_MATERIAL PROVIDED_:
════════════════

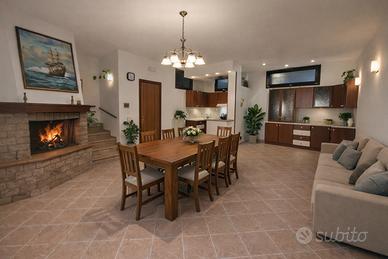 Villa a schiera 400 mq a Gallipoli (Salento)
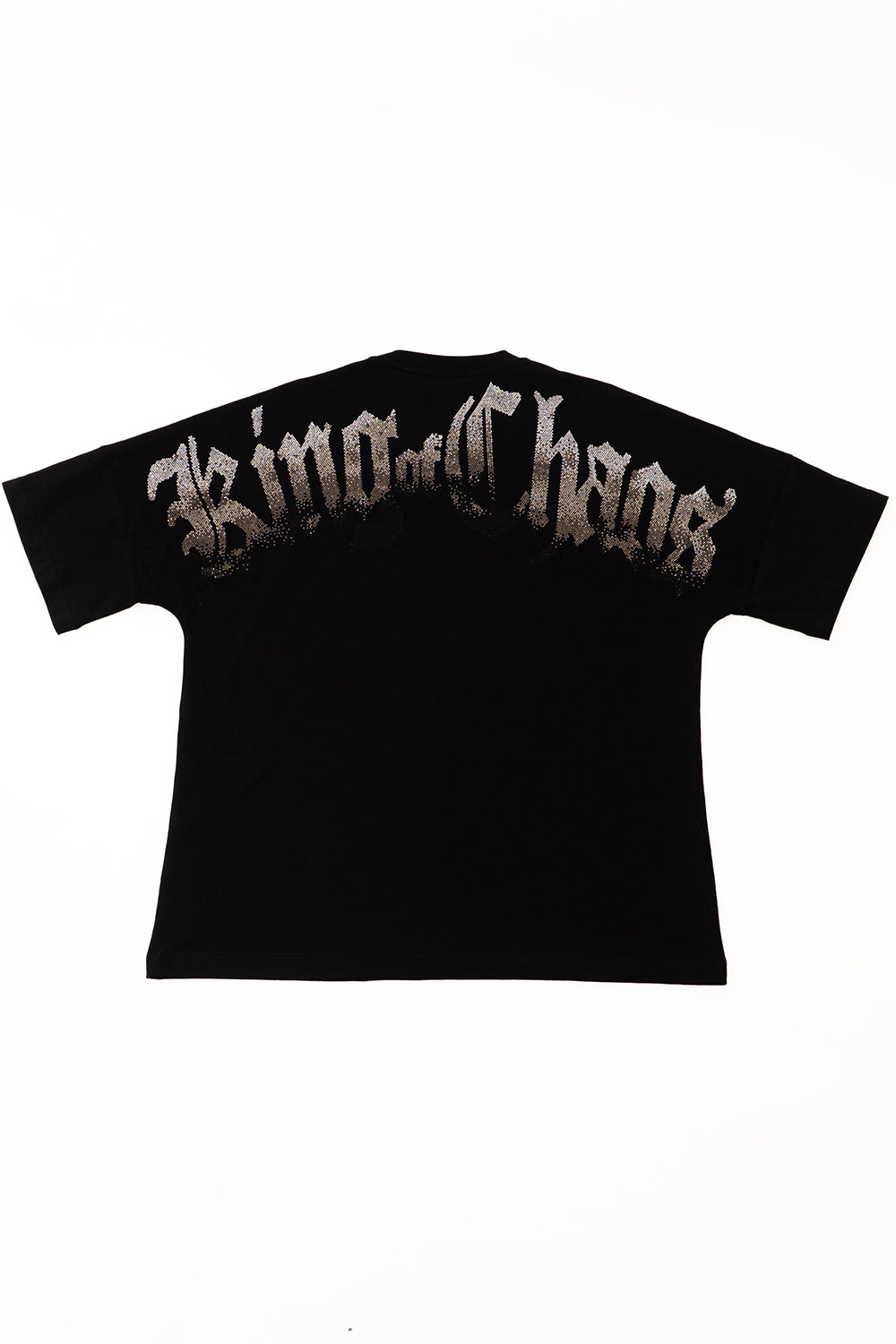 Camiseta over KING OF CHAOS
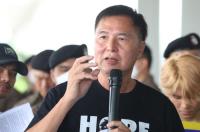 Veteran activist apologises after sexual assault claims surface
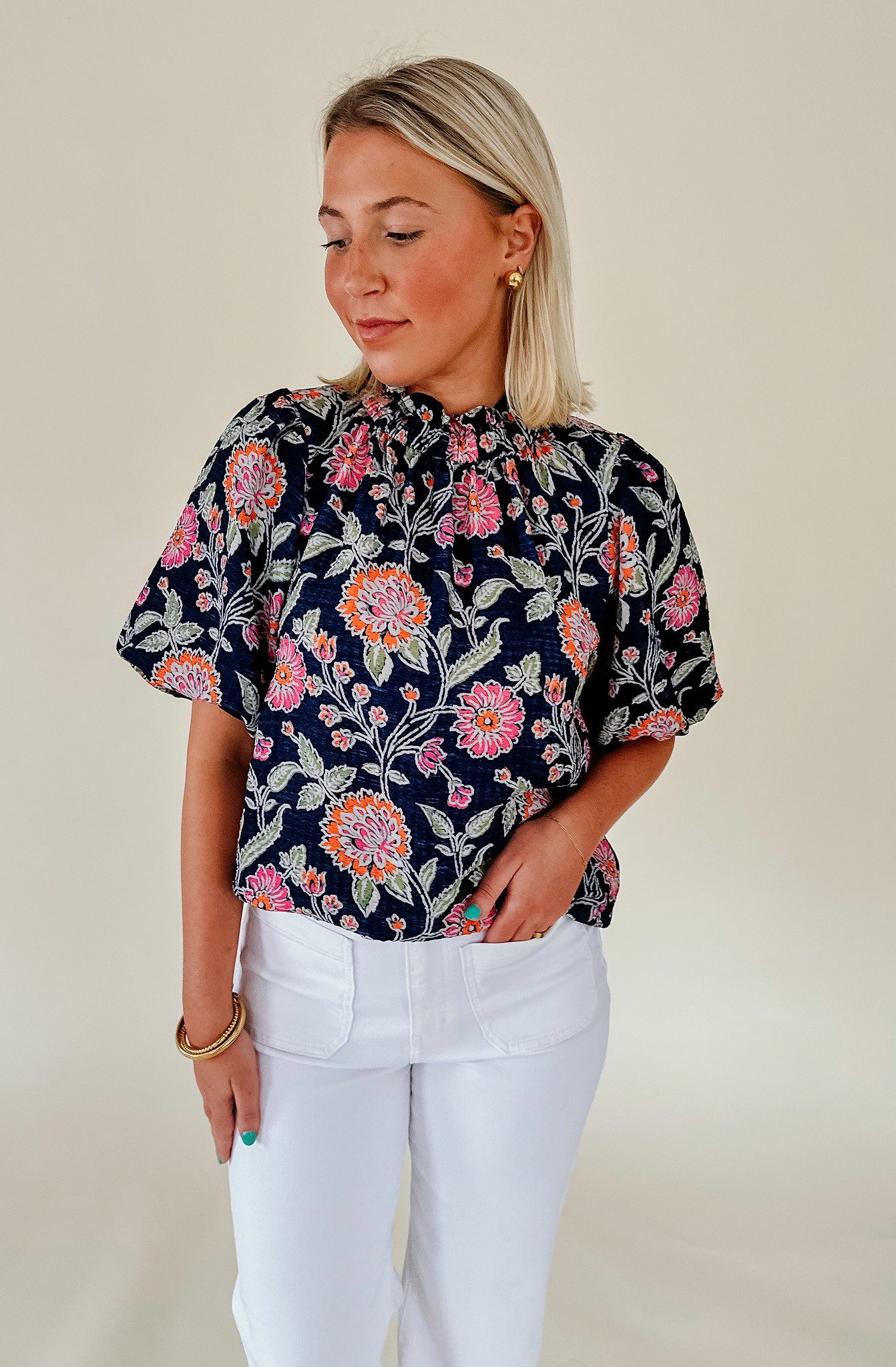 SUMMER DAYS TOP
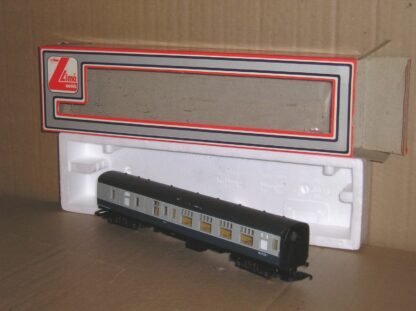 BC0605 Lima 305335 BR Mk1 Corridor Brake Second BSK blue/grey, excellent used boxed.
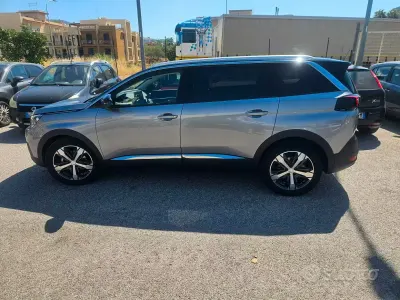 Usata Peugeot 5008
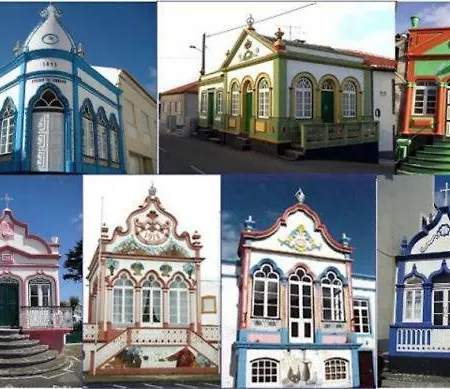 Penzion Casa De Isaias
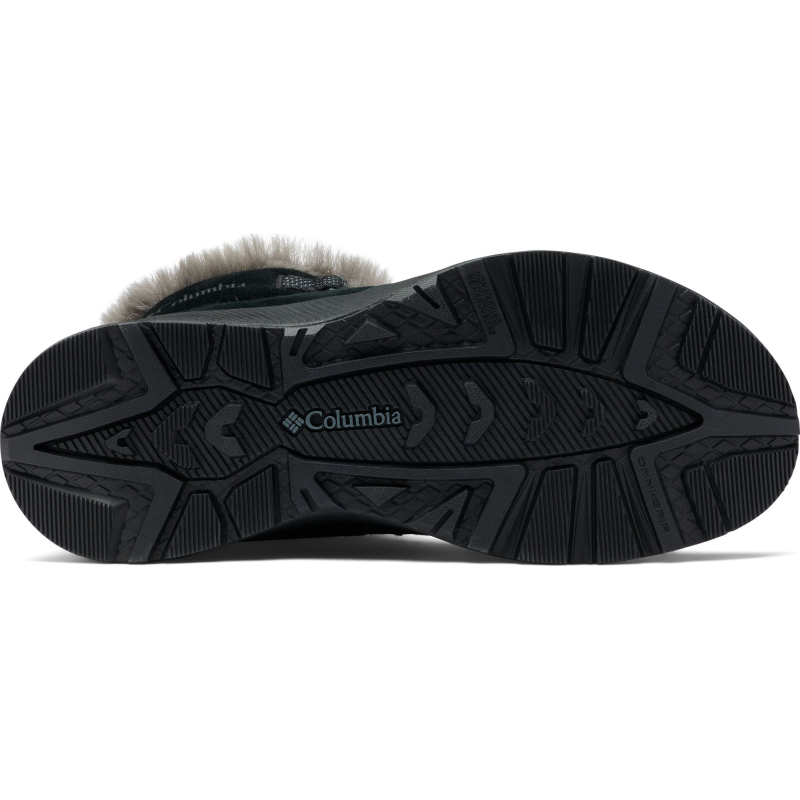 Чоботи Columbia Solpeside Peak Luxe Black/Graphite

════════════════

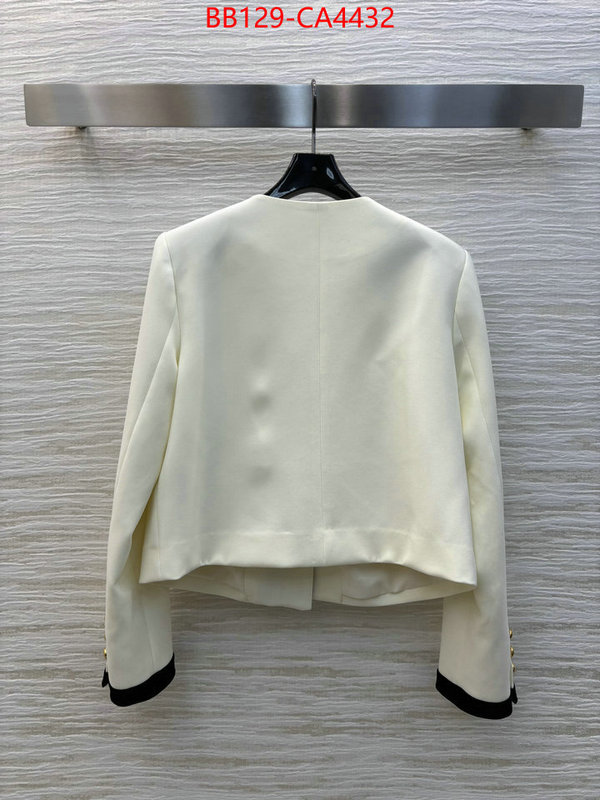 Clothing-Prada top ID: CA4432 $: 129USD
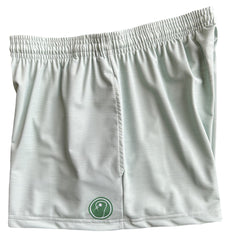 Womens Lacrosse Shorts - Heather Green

════════════════

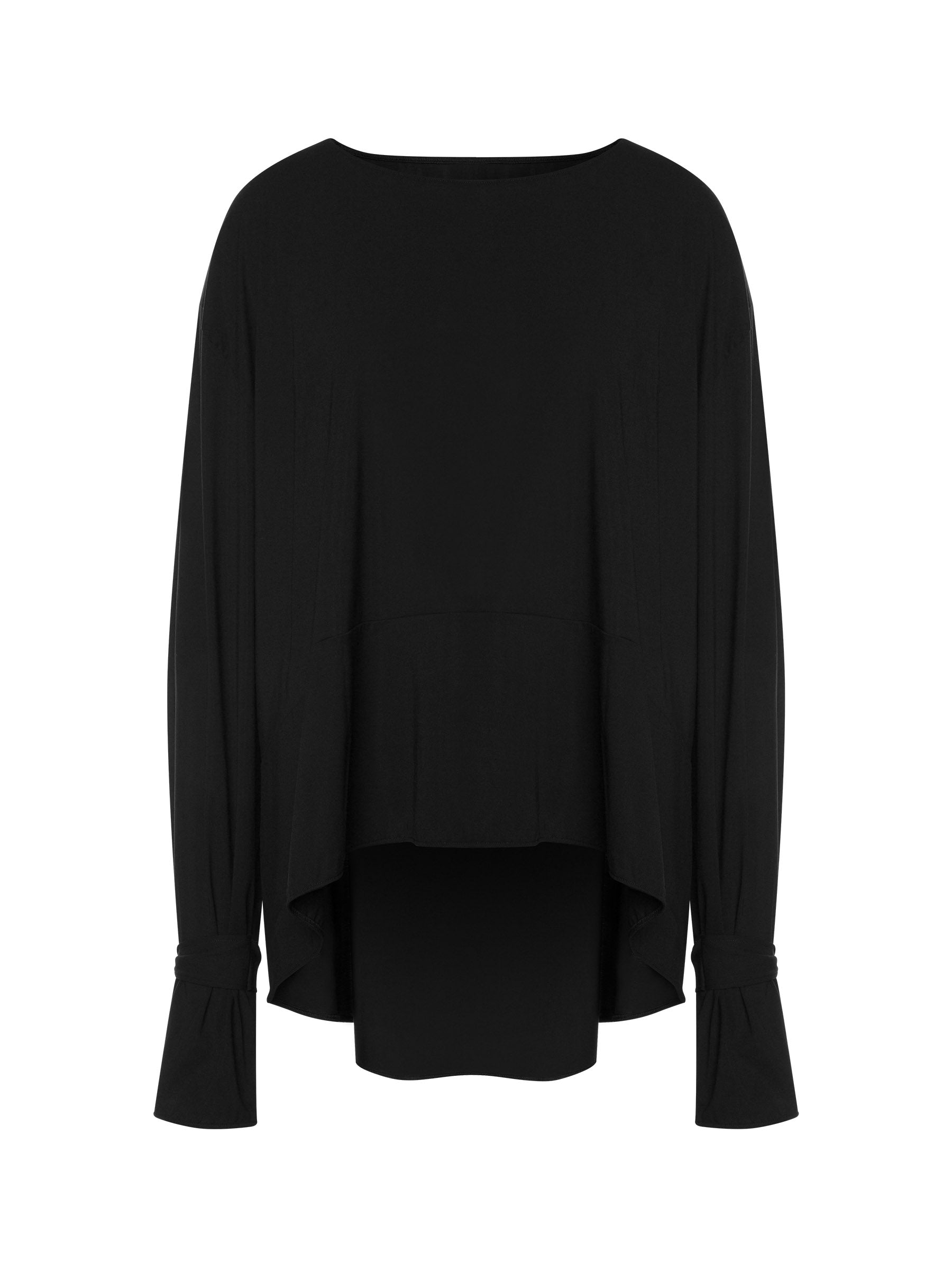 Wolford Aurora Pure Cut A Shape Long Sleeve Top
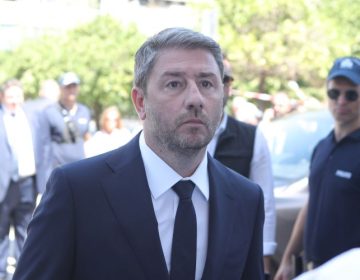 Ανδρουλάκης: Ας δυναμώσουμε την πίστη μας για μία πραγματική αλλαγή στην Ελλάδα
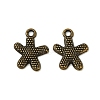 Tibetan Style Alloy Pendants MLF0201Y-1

════════════════

_WHAT NEEDS TO BE DONE_: Using the entries above, reproduce word for word only the lines from the one that contains "SUMMER DAYS TOP" to the one that contains "Чоботи Columbia Solpeside", both ends included, and drop every picture.

_WRITTEN RESPONSE_:
 SUMMER DAYS TOP
 BC0605 Lima 305335 BR Mk1 Corridor Brake Second BSK blue/grey, excellent used boxed.
 Usata Peugeot 5008
 Penzion Casa De Isaias
 Чоботи Columbia Solpeside Peak Luxe Black/Graphite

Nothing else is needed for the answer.